Het natuurgeweld in Japan verdrong afgelopen weekeinde het nieuws over de strijd in Libië, maar nu is de situatie weer omgekeerd. Benghazi wordt belegerd. En dan is er ook nog de eerste rechtszitting van Robert M. Het is geen dag met spectaculaire ontwikkelingen rond de Fukushima-centrale: er wordt vooral met vereende krachten water aangevoerd om de boel af te koelen. Voor het eerst in een week openen de journaals niet met Japan.

Frank Vergeer constateert dat de verwarring bij de Japanse bevolking er alleen maar groter op moet zijn geworden. “Het ene land trekt mensen uit het gebied terug, het andere niet. Sommige journalisten gaan weg, andere blijven. Voor de achterblijvers is dat heel verwarrend. We bevinden ons in een soort status quo van instabiliteit. Het duurt allemaal te lang. De cijfers vliegen ons om de oren. Het komt de geloofwaardigheid van de Japanse regering niet ten goede.”

Een smeulende kerncentrale waar nauwelijks iets zichtbaars gebeurt. Dat noemt De Telegraaf op de voorpagina van vandaag natuurlijk een ‘NUCLEAIRE TIJDBOM’. De Britse Daily Telegraphkopt ‘JUST 48 HOURS TO AVOID ANOTHER CHERNOBYL’. Maar voorlopig zijn het de laatste werkelijk urgente krantenkoppen. Rond middernacht besluit de Veiligheidsraad van de Verenigde Naties tot de instelling van een no fly-zone in Libië. Het zwaartepunt van het wereldnieuws is definitief gekanteld.

Het nieuws over Fukushima droogt op. Er wordt getracht de stroom te herstellen om zo de koeling op gang te krijgen. De Metrovindt een kwart binnenpagina hiervoor wel voldoende. “Het is als een kaartenhuis in elkaar gezakt,” constateert Frank Vergeer. “Het is een langgerekte ramp,” aldus Diederik Samsom bij Pauw & Witteman. Langgerekt en nagenoeg onzichtbaar, dat is uit media-oogpunt een ramp in zichzelf.
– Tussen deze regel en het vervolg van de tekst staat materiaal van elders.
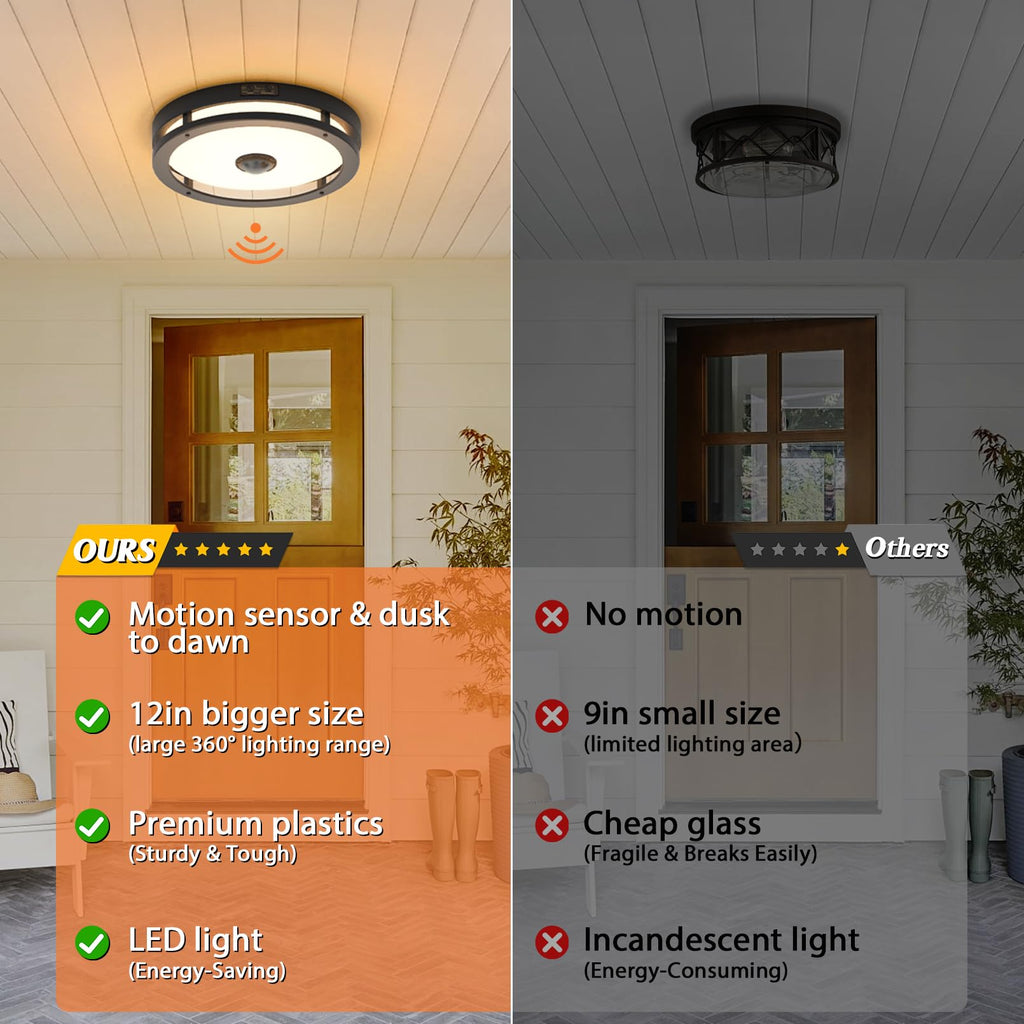 Outdoor Motion Sensor LED Ceiling Light, Dusk to Dawn, 12"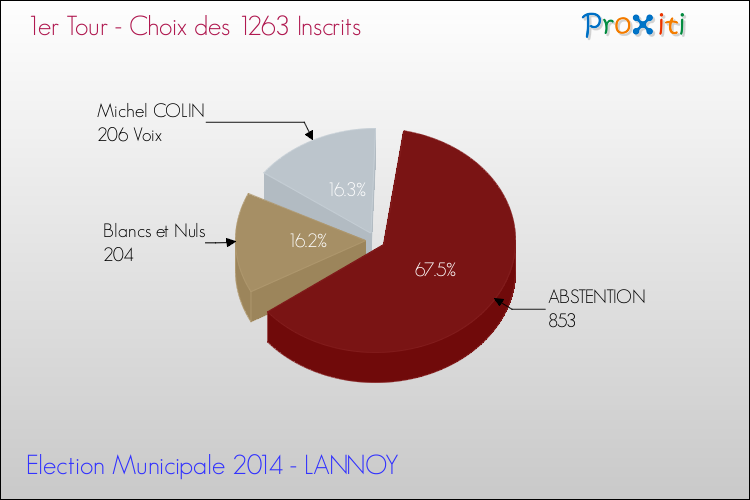 Résultats par rapport aux inscrits au 1er Tour des Elections Municipales 2014 de la commune de LANNOY Elections Municipales 2014 - Résultats par rapport aux inscrits au 1er Tour pour la commune de LANNOY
Wim Turkenburg vindt het allemaal nog steeds ‘zorgelijk’. Maar is het dat wel? In een opiniestuk in de Volkskrant wijst wetenschapsjournalist Arnout Jaspers erop dat er landen zijn (China, Brazilië, India) met regio’s waar het natuurlijke stralingsniveau altíjd twintig keer hoger is dan in Tokio. ‘Japan eerder bang dan ziek door straling’, kopt Trouw vandaag. Ik herinner me een proefschrift uit 1996 over psychische klachten na de ramp bij Tsjernobyl. Een van de conclusies van onderzoeker Johan Havenaar: de toename van gezondheidsklachten na de ramp onder de getroffen bevolking kan beter vanuit angst voor straling dan vanuit de vrijgekomen radioactiviteit zelf worden verklaard. De komende jaren zal van alles en nog wat worden toegeschreven aan Fukushima, ongeacht hoe het er afloopt.


Er zijn sprankjes hoop. Er komt weer wat stroom beschikbaar voor de koeling van de centrales. Melk en spinazie in de omgeving van de centrale blijken licht besmet; dat verrast niemand. De Volkskrant geeft de ‘deskundigen’ die ons de afgelopen week zo weinig wijzer hebben gemaakt een sneer. Redacteur Rob Vreeken: “Tijdens Tsjernobyl en Three Mile Island zeiden de autoriteiten gewoon: het valt allemaal wel mee. Punt. Eigenlijk is dat de ideale situatie. Dan weet je als burger gewoon dat je wordt genaaid. Dat biedt toch een soort zekerheid.”

Duitsland is het Europese land dat het felst reageerde op de nucleaire crisis in Japan. De politieke koers rond kerncentrales werd drastisch verlegd. Duizenden gingen de straat op. In de kiosk koop ik Bild am Sonntag, de krant die als geen ander aanvoelt wat er bij de Duitsers leeft. Eén pagina in de krant gaat over Japan. Vier pagina’s zijn gewijd aan de plotselinge dood van het ijsbeertje Knut in de dierentuin van Berlijn. Een week lang was Japan in de collectieve beleving dichterbij dan ooit. Nu is het weer wat het altijd is geweest: een land aan de andere kant van de wereld.